Aim of the task:
What you return should be the exact lines from the one with "Abbildung von: Deutsche" to the end of the records below, both included, and no pictures.

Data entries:

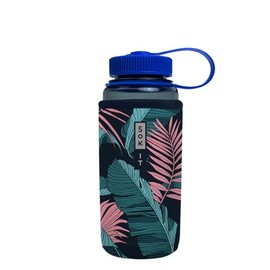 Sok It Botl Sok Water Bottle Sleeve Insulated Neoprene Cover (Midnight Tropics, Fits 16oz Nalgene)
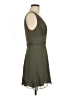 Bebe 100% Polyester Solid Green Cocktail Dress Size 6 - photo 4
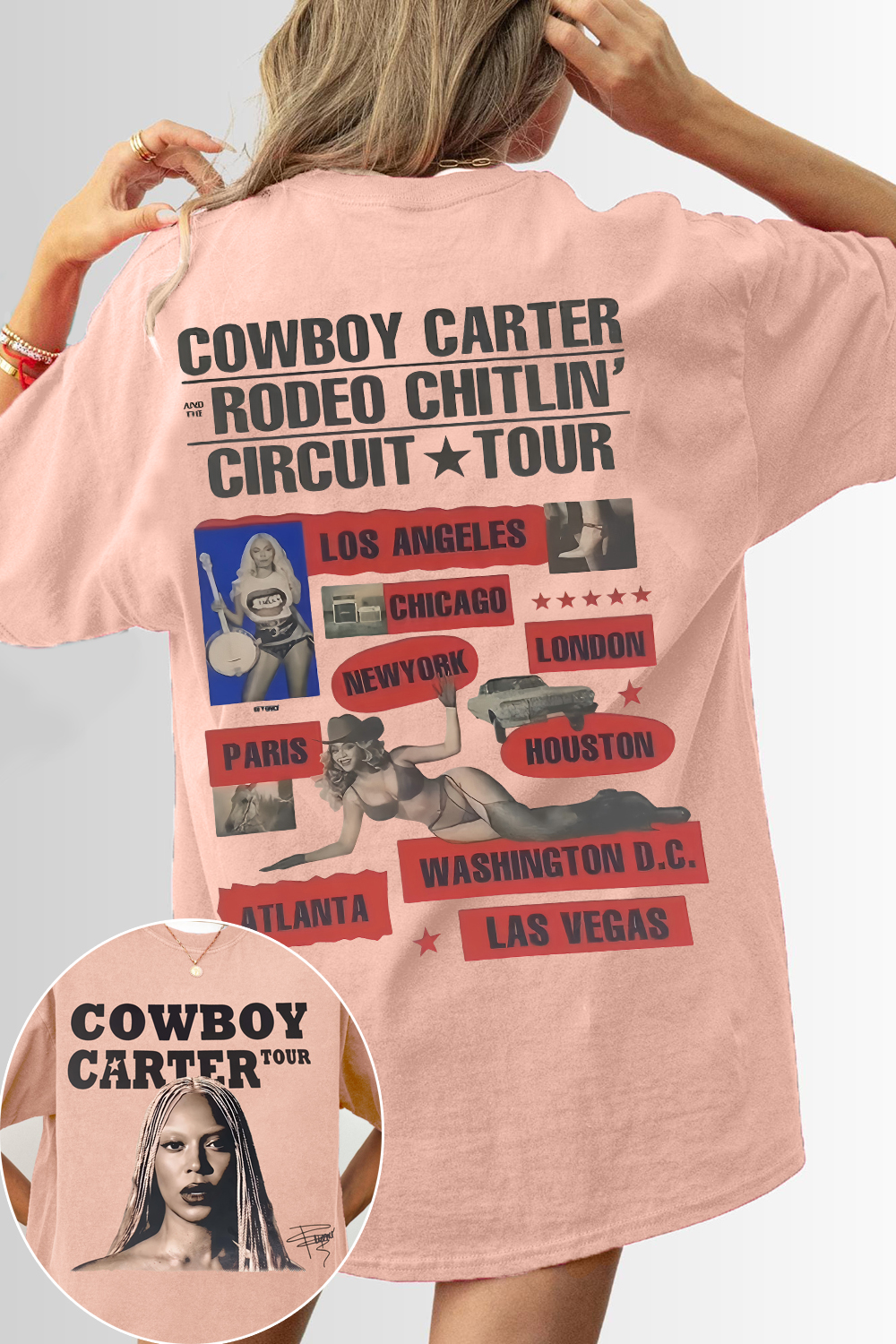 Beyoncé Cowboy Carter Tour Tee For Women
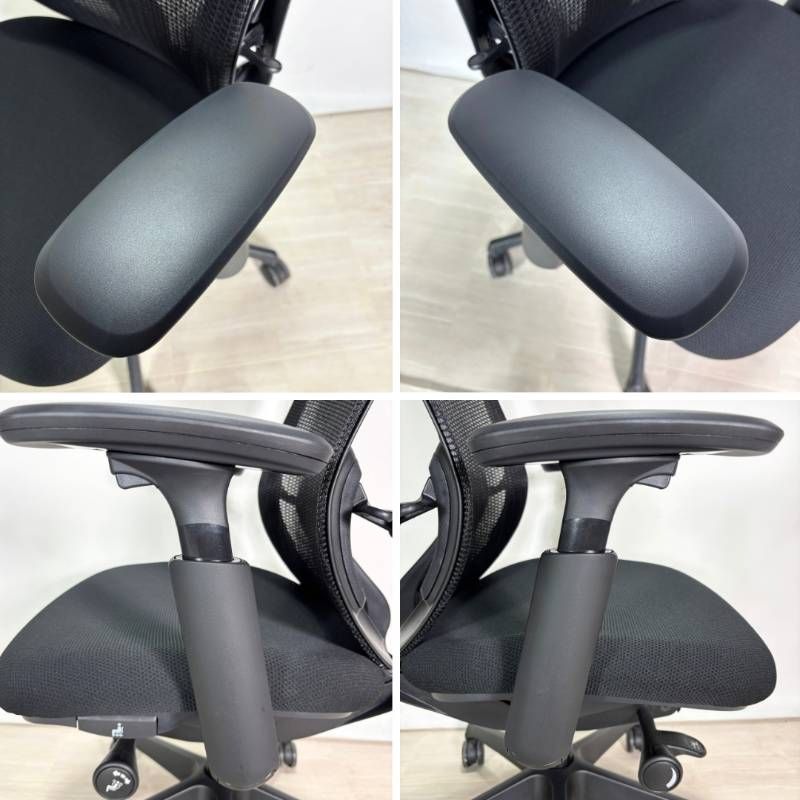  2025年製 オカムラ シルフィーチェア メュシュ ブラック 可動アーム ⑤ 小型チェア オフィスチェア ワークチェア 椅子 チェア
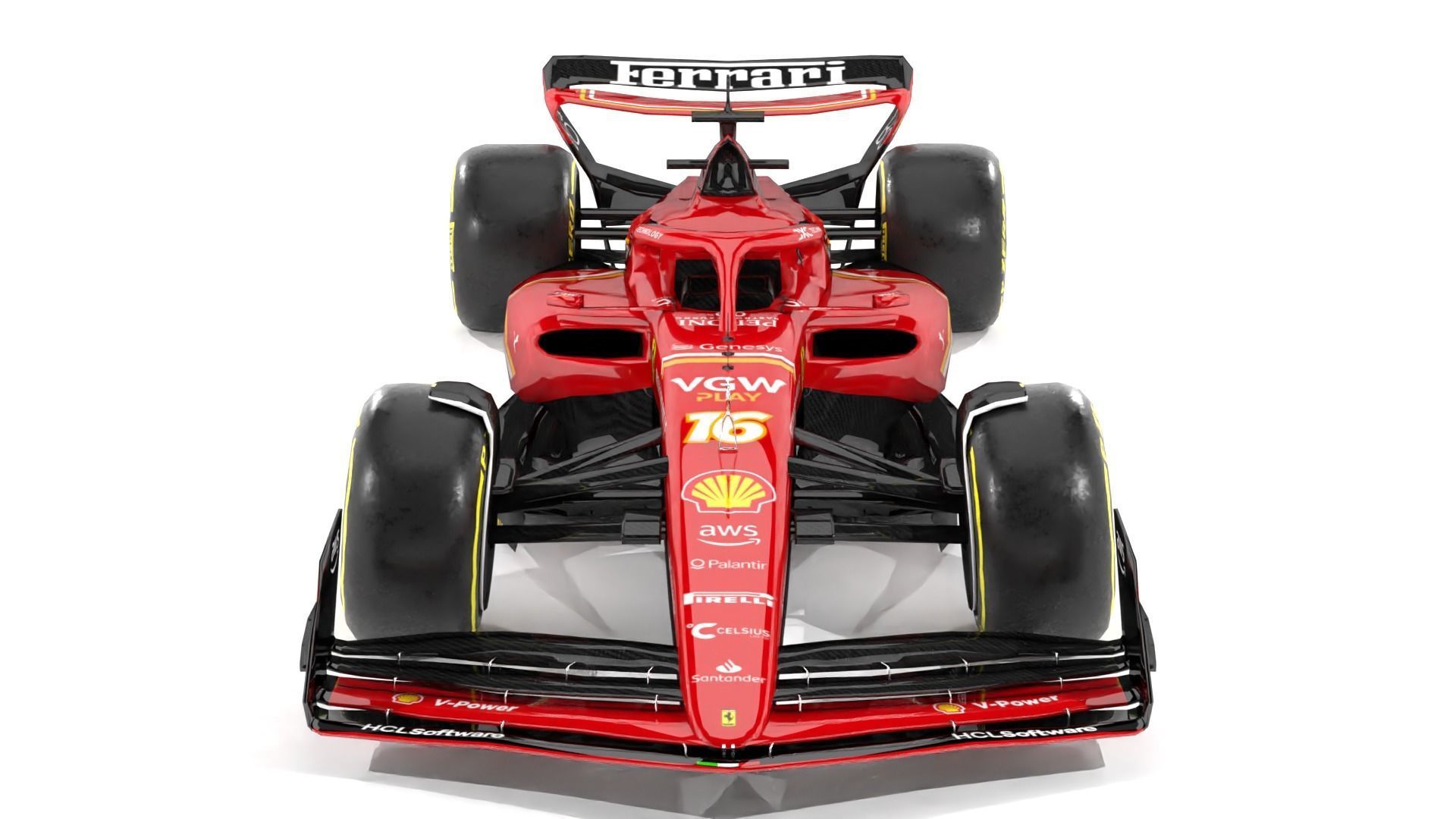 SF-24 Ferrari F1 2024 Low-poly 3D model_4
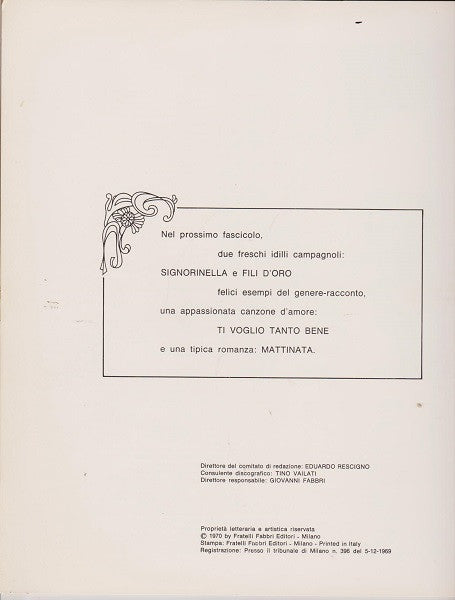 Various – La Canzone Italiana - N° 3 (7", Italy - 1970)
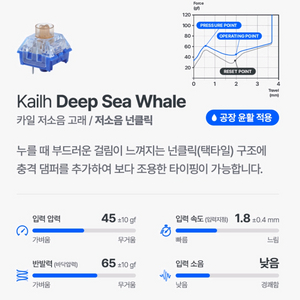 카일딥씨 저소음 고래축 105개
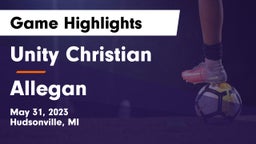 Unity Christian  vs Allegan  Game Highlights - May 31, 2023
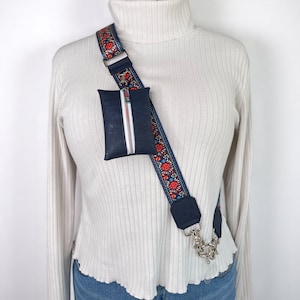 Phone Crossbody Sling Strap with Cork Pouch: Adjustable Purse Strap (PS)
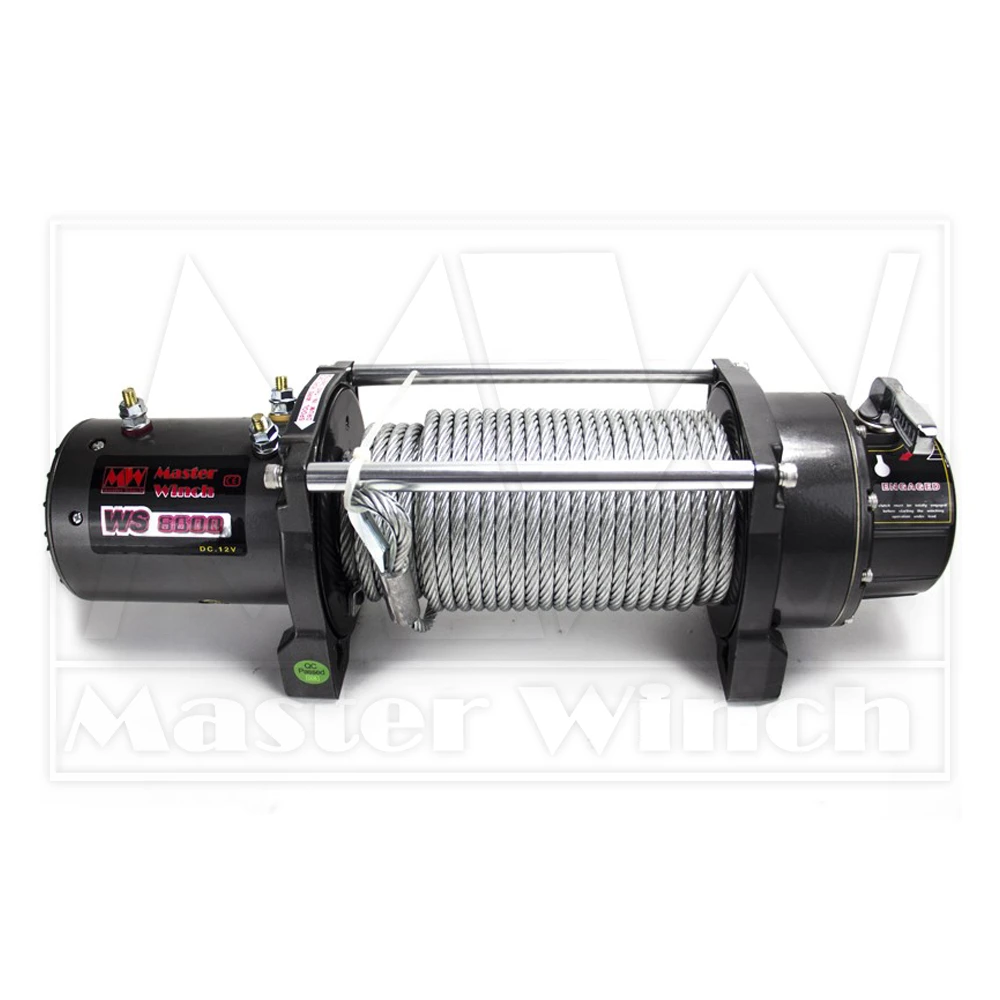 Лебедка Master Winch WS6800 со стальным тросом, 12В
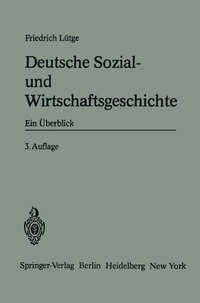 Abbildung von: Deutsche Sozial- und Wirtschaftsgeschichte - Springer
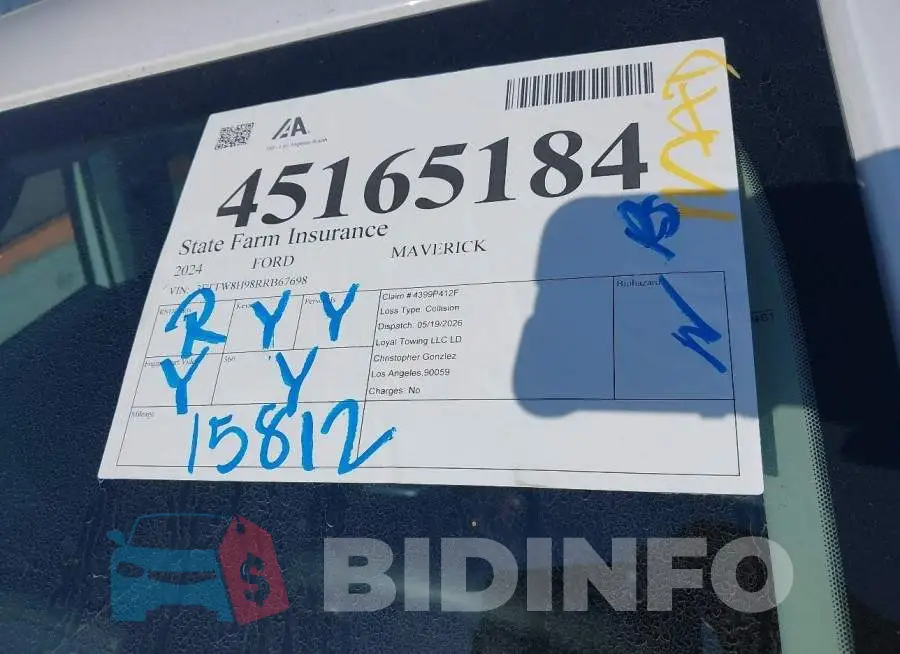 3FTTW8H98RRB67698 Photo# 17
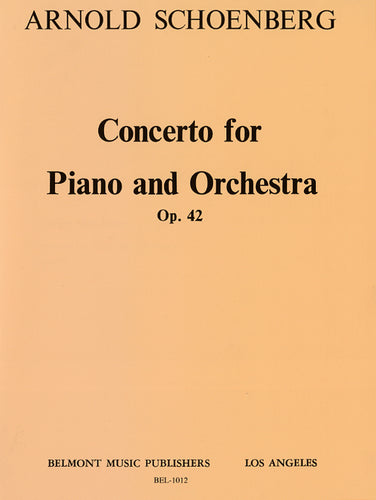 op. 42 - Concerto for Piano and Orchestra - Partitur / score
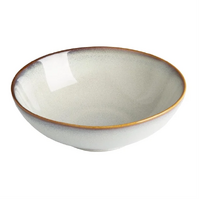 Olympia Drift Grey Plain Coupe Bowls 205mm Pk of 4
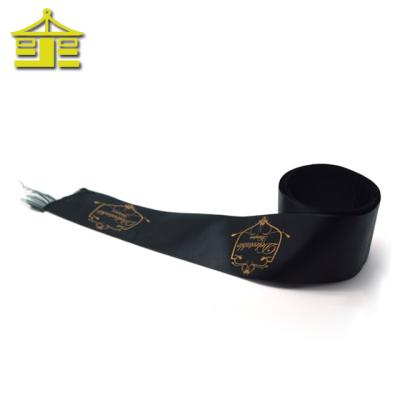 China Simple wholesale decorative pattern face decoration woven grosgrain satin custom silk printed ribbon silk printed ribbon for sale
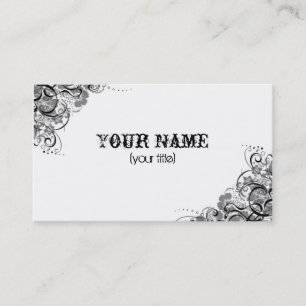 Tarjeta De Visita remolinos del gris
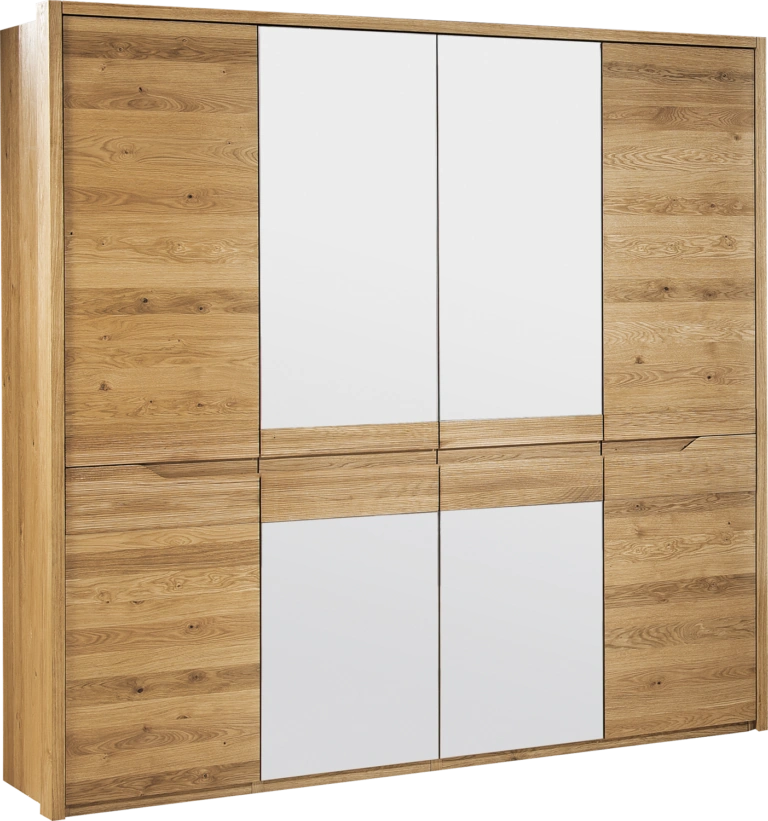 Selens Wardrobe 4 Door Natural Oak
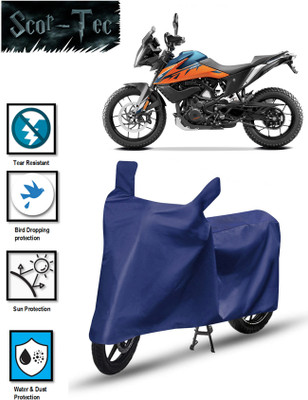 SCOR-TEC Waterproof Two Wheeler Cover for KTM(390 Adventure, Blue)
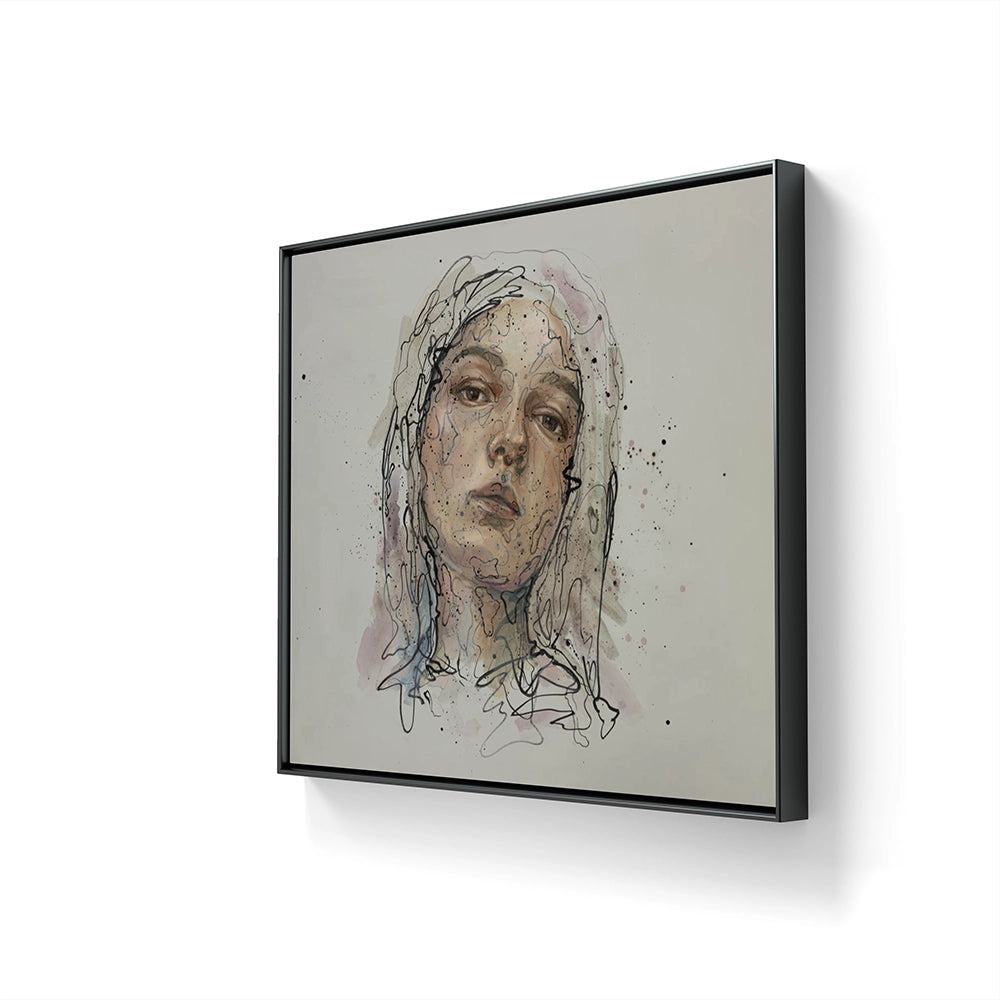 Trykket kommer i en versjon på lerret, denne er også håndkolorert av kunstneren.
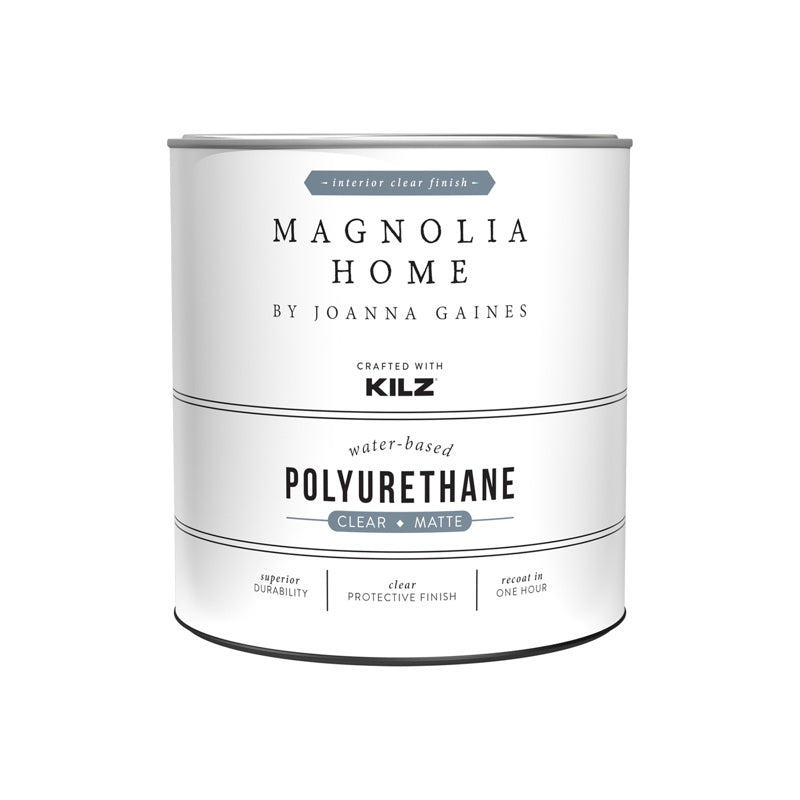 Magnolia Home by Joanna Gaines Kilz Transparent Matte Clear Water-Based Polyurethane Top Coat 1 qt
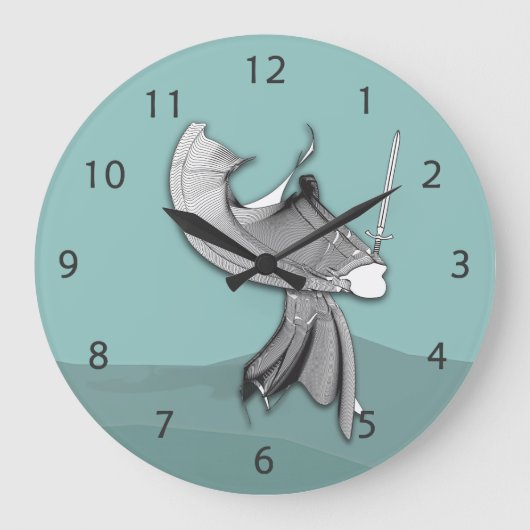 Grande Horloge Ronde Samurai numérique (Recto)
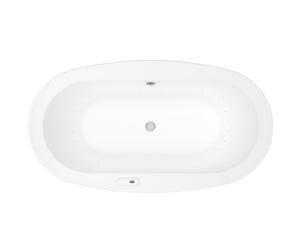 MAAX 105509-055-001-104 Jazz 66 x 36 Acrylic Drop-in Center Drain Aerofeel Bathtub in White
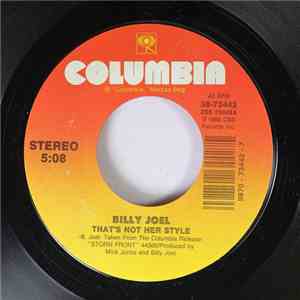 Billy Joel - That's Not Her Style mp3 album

Task answer:
 Abbildung von: Deutsche Sozial- und Wirtschaftsgeschichte - Springer
 3FTTW8H98RRB67698 Photo# 17
 op. 42 - Concerto for Piano and Orchestra - Partitur / score
 Olympia Drift Grey Plain Coupe Bowls 205mm Pk of 4
 China Simple wholesale decorative pattern face decoration woven grosgrain satin custom silk printed ribbon silk printed ribbon for sale
 Tarjeta De Visita remolinos del gris
 Selens Wardrobe 4 Door Natural Oak
 SCOR-TEC Waterproof Two Wheeler Cover for KTM(390 Adventure, Blue)
 Trykket kommer i en versjon på lerret, denne er også håndkolorert av kunstneren.
 Magnolia Home by Joanna Gaines Kilz Transparent Matte Clear Water-Based Polyurethane Top Coat 1 qt
 Grande Horloge Ronde Samurai numérique (Recto)
 MAAX 105509-055-001-104 Jazz 66 x 36 Acrylic Drop-in Center Drain Aerofeel Bathtub in White
 Billy Joel - That's Not Her Style mp3 album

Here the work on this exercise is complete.